Shell script to install and configure SFTP server on Ubuntu is broken

I'm trying to create a shell script to automate setup of an SFTP server, but I've run into some problems as noted in the code.

#!/bin/bash

sftp_user='sftpuser'
sftp_passwd='SomePassword'

print_success() { echo -e "\e[32m${@}\e[0m"; }
print_error() { echo -e "\e[31m${@}\e[0m"; }

if [ `whoami` != "root" ] && [ `whoami` != "forge" ] && [ `whoami` != "homestead" ] && [ `whoami` != "vagrant" ];
then
    print_error "You must be root to run this script"
    exit 1
fi

# PROBLEM #1 The IF below doesn't correctly detect when apt is updated. Always says failed.
echo "Updating apt"
sudo apt-get update 2>&1
if [ $? -ne 0 ]
then
    print_success "Updated apt"
else
    print_error "Failed to update apt"
    exit 1
fi

echo "Installing VsFTPD package"
sudo apt-get -y install vsftpd 2>&1
if [ $? -ne 0 ]
then
    print_success "Installed VsFTPD"
else
    print_error "Failed to Install VsFTPD"
    exit 1
fi

# PROBLEM #2 The conditional below does not detect if openssh server already installed and up to date.
echo "Installing openssh-server"
sudo apt-get install openssh-server 2>&1
if [ $? -ne 0 ]
then
    print_success "Installed openssh-server"
else
    print_error "Failed to Install openssh-server"
    exit 1
fi

sshd_config='/etc/ssh/sshd_config'

sudo mv $sshd_config $sshd_config.bak
sudo rm -f $sshd_config

echo "# SSH Config
Port 22
Protocol 2
HostKey /etc/ssh/ssh_host_rsa_key
HostKey /etc/ssh/ssh_host_dsa_key
HostKey /etc/ssh/ssh_host_ecdsa_key
HostKey /etc/ssh/ssh_host_ed25519_key
UsePrivilegeSeparation yes
KeyRegenerationInterval 3600
ServerKeyBits 1024
SyslogFacility AUTH
LogLevel INFO
LoginGraceTime 120
PermitRootLogin without-password
StrictModes yes
RSAAuthentication yes
PubkeyAuthentication yes
IgnoreRhosts yes
RhostsRSAAuthentication no
HostbasedAuthentication no
PermitEmptyPasswords no
ChallengeResponseAuthentication no
X11Forwarding yes
X11DisplayOffset 10
PrintMotd no
PrintLastLog yes
TCPKeepAlive yes
AcceptEnv LANG LC_*
UsePAM yes
Subsystem sftp internal-sftp
Match group ftpaccess
ChrootDirectory %h
X11Forwarding no
AllowTcpForwarding no
ForceCommand internal-sftp
" | sudo tee $sshd_config

echo "Restarting SSH service"
sudo service ssh restart

echo "Creating user and group"
sudo groupadd ftpaccess
sudo useradd -m $sftp_user -g ftpaccess -s /usr/sbin/nologin
echo "$sftp_passwd" | sudo passwd $sftp_user

echo "Done"

I'm no pro at making shell scripts, so it's quite possible I missed something else, too. Any ideas?

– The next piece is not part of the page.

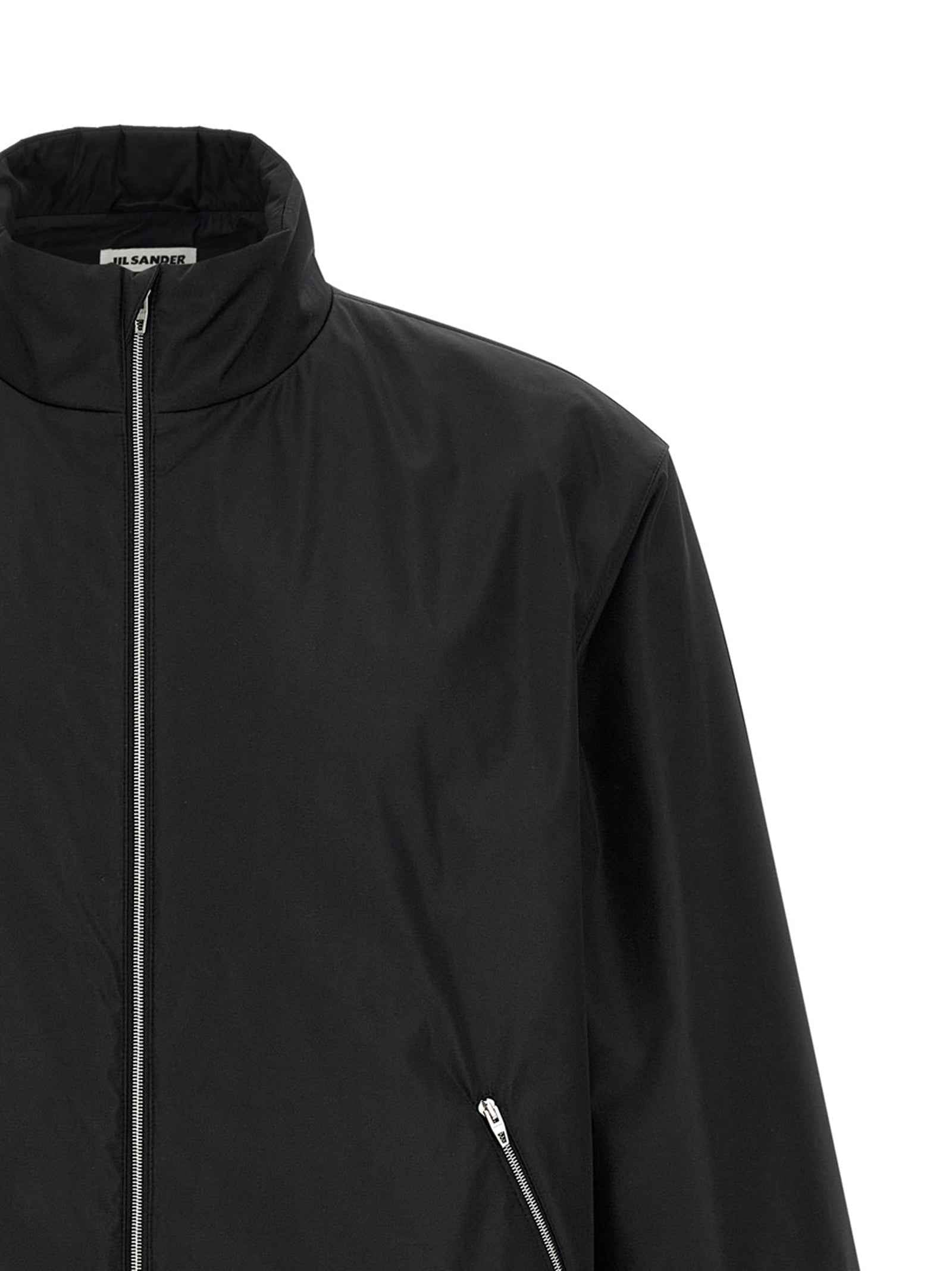 Jil Sander Black Polyester Full-Length Jacket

Code is based on: http://www.krizna.com/ubuntu/setup-ftp-server-on-ubuntu-14-04-vsftpd/

EDIT: The updated script with all fixes in case anyone is interested:

#!/bin/bash

# Based on: http://www.krizna.com/ubuntu/setup-ftp-server-on-ubuntu-14-04-vsftpd/
sftp_user='someuser'
sftp_passwd='SomePassword'

# IMPORTANT: Edit the values above or comment out the user add code before running.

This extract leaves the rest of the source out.